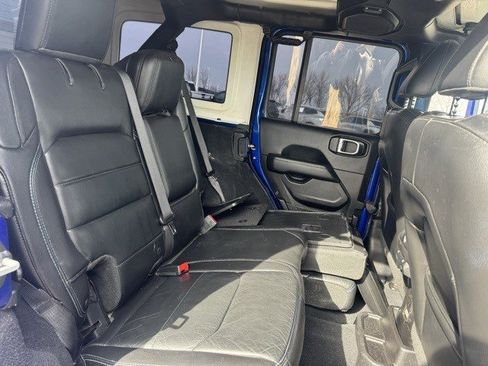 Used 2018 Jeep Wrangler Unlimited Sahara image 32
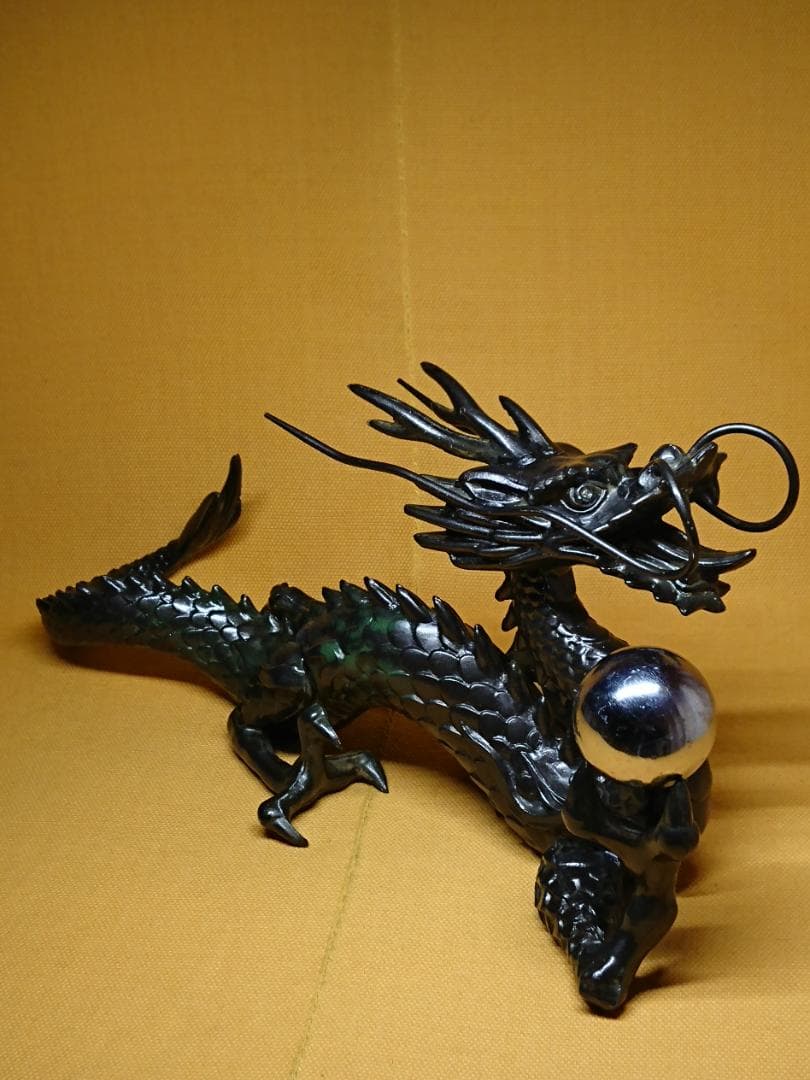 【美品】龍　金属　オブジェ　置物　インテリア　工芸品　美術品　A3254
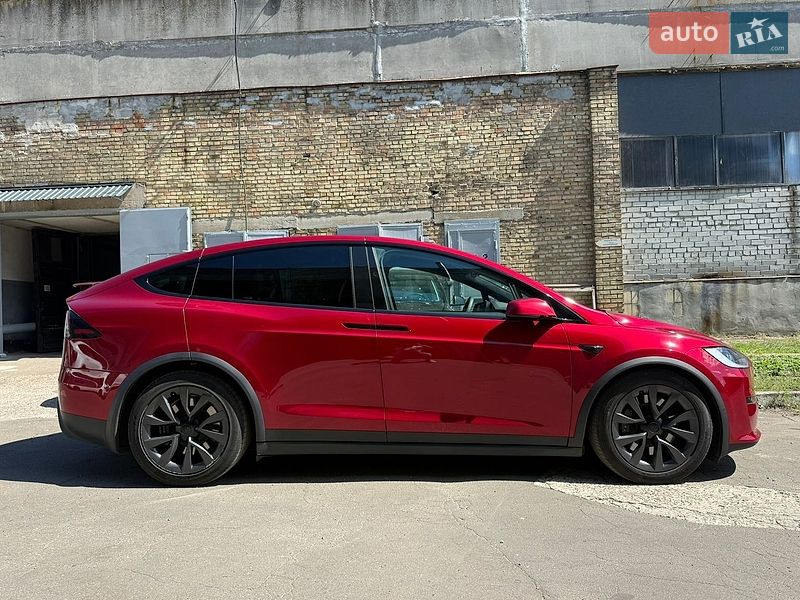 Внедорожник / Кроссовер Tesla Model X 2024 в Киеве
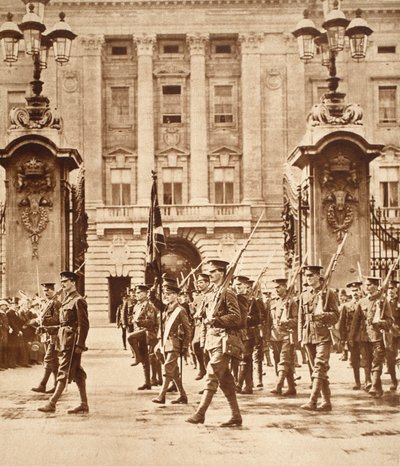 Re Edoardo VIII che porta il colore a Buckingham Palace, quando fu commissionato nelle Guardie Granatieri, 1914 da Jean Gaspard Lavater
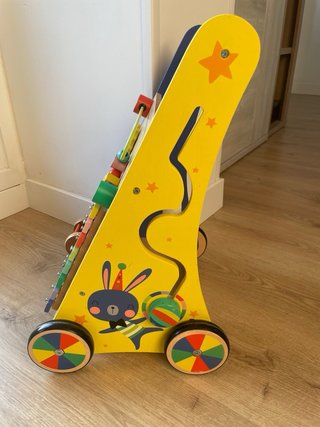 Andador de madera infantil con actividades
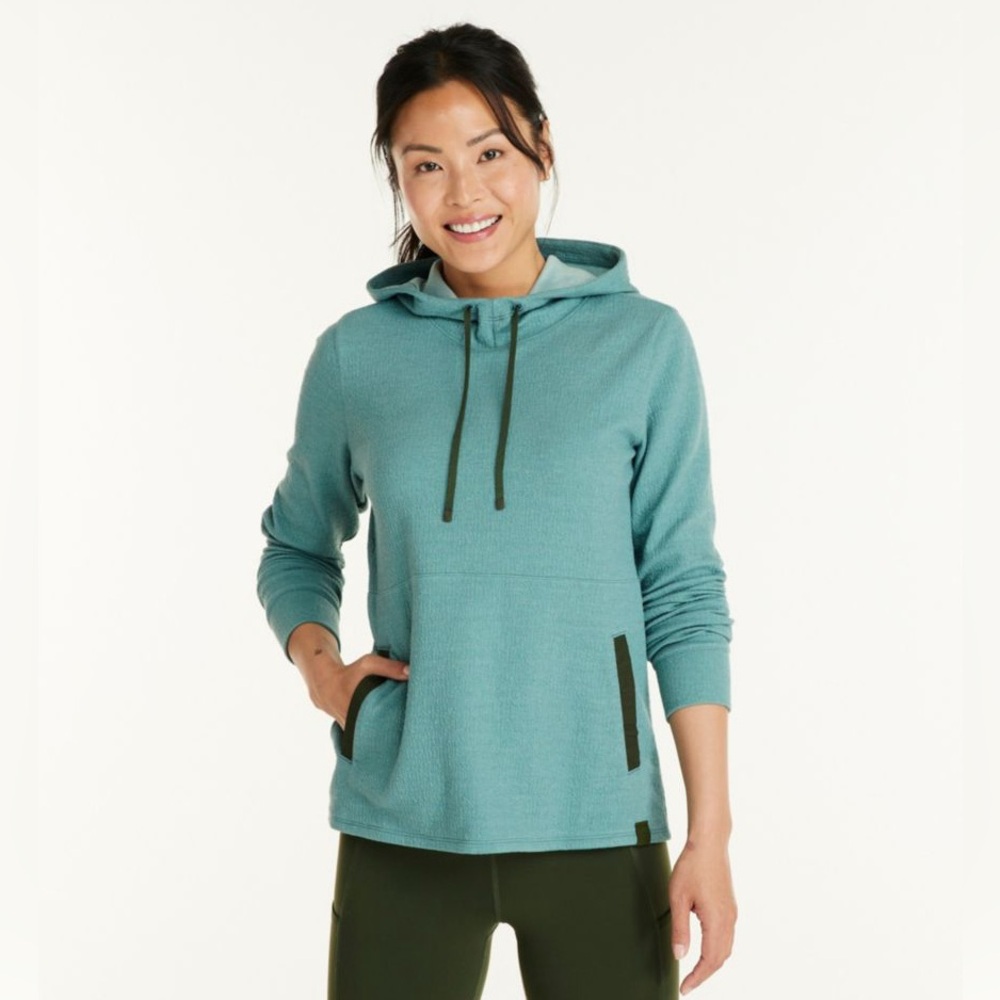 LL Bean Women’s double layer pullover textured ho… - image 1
━━━━━━━━━━━━━━━━━━━━━━━━━━━━━━
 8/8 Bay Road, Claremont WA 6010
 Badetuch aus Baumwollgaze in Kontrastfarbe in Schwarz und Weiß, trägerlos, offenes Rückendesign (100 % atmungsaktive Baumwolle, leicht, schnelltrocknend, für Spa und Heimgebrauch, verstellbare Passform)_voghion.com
━━━━━━━━━━━━━━━━━━━━━━━━━━━━━━
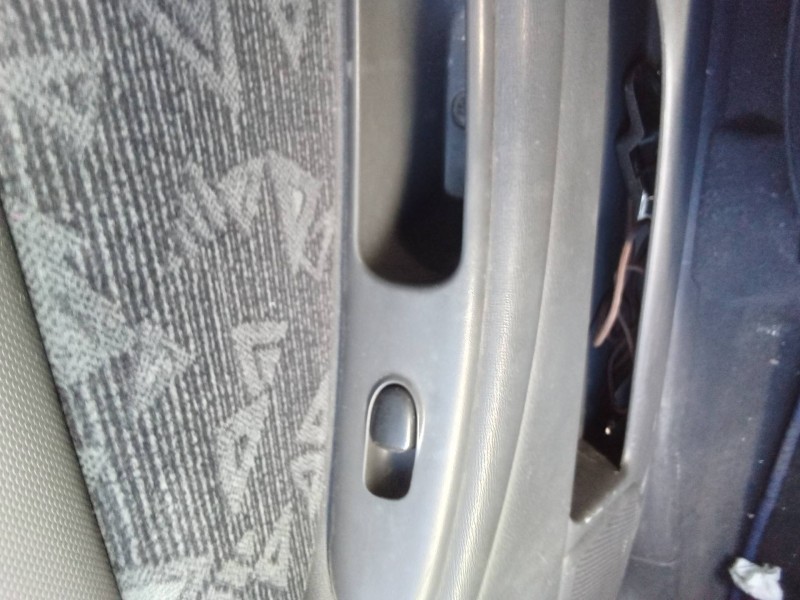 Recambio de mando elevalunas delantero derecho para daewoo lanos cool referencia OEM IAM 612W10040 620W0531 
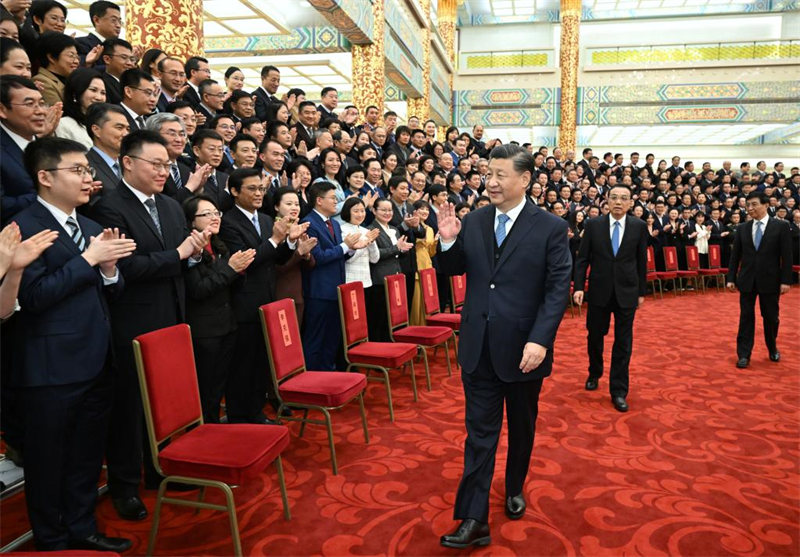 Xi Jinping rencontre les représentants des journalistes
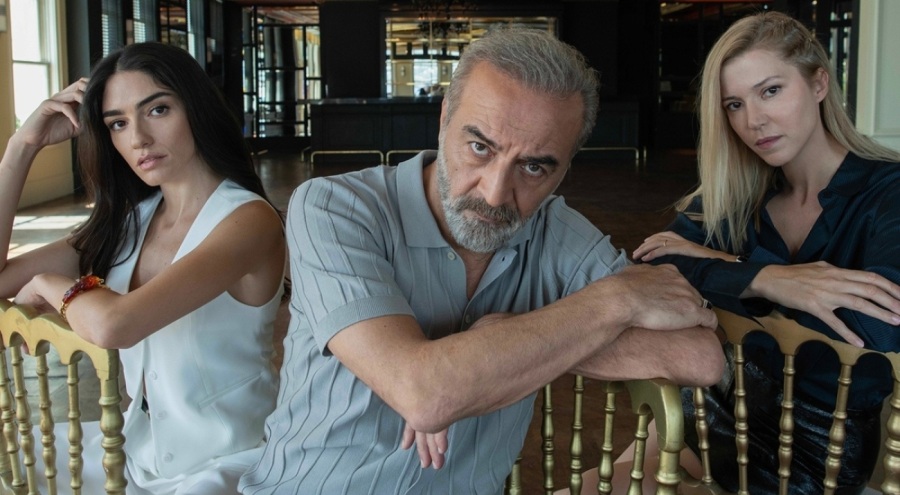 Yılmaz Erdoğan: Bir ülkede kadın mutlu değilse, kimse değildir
━━━━━━━━━━━━━━━━━━━━━━━━━━━━━━
**Task instructions:**
A word-for-word reproduction is needed of the lines above from the line containing "Recambio de mando" through the line containing "Yılmaz Erdoğan: Bir", with both ends kept and no pictures.

**Answer box:**
 Recambio de mando elevalunas delantero derecho para daewoo lanos cool referencia OEM IAM 612W10040 620W0531 
 Xi Jinping rencontre les représentants des journalistes
 Yılmaz Erdoğan: Bir ülkede kadın mutlu değilse, kimse değildir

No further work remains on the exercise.